= Henry Gabriel Ginaca =

Official patent drawing of the Ginaca machine

Henry Gabriel Ginaca (May 19, 1876 – October 19, 1918) was an American engineer who invented, at the direction of Hawaii pineapple magnate James Dole, a machine that could peel and core pineapples automatically called the Ginaca machine.

== Biography ==
Ginaca was born on May 19, 1876, in either California or Nevada. His first job was at the San Francisco Union Iron Works. He was later hired by the Honolulu Iron Works. In 1911, he began working for James Dole at the Hawaiian Pineapple Company. After inventing the "Ginaca Machine", Ginaca and his brothers returned to California in 1914. He died on October 19, 1918, in Hornitos, California, during the Spanish flu epidemic.
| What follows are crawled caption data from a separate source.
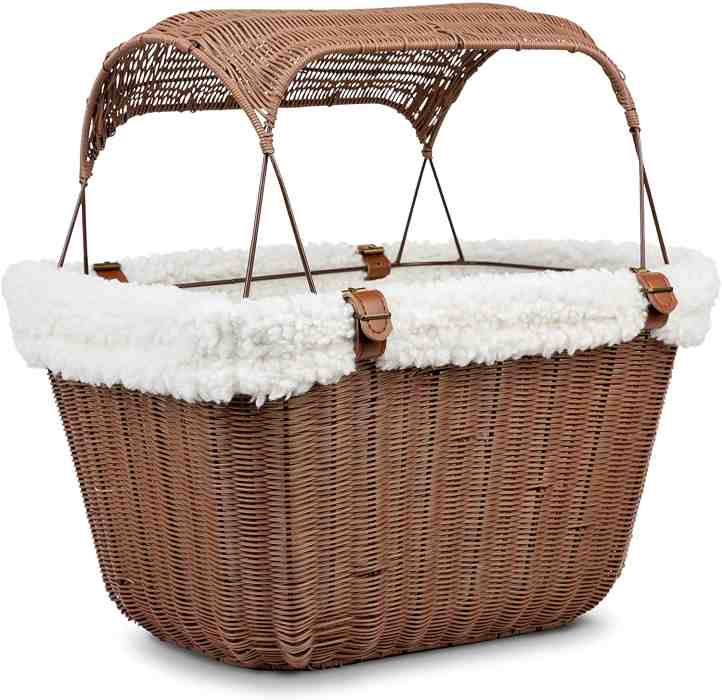 PetSafe Happy Ride Wicker Bicycle Basket for Dogs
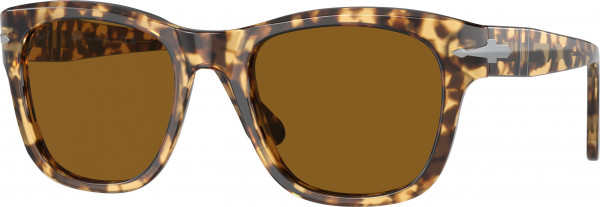Persol PO3313S Sunglasses, 105633 BROWN/BEIGE TORTOISE BROWN (BROWN)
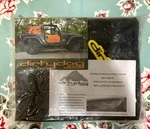 Jeep Dirty Dog 4X4 Black Sunscreen For Wrangler Jk Unlimited 4-DOOR 2007 Up Read New. Price: $60.00.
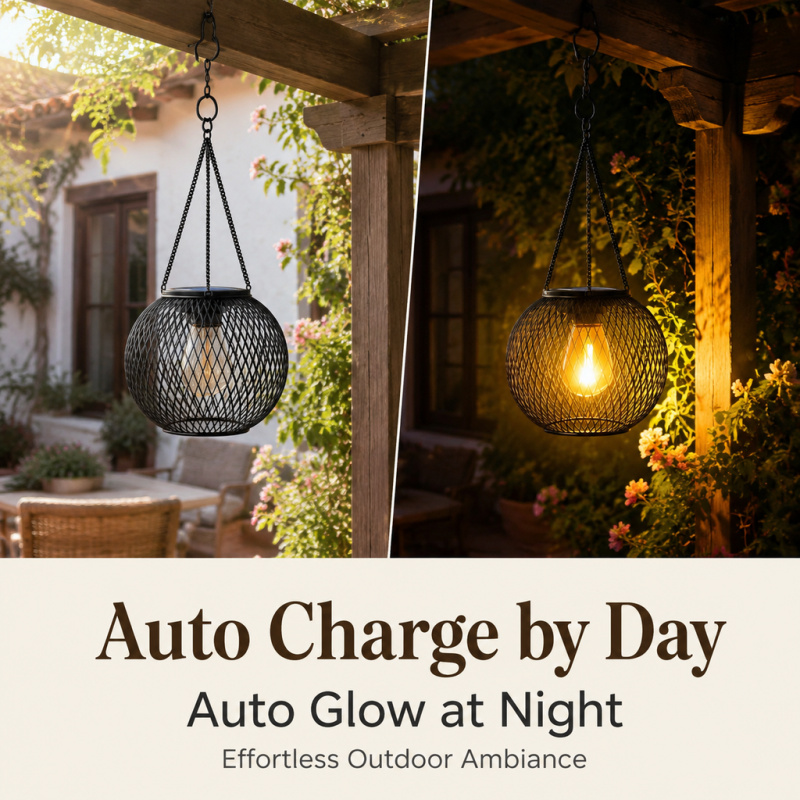 Solar Powered LED Hanging Floo - Smart Garden Spotlights ulasan dan harga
== The "Ginaca Machine" ==
Ginaca was hired by James Dole in 1911 to build a machine that could make canning pineapples more efficient. By 1913, Ginaca built a machine that removed the pineapple skin, then cored and sliced the fruit so that it would fit neatly in the can. Cannery workers would then inspect the sliced pineapple to trim away any thing that wouldn't fit in a can. The machine greatly increased the number of pineapples that could be cored in one minute from 15 pineapples to 35. A higher speed machine was later invented that could peel and core 100 pineapples per minute. This revolutionized the fruit canning industry by making pineapple Hawaii's second-largest crop, after sugarcane.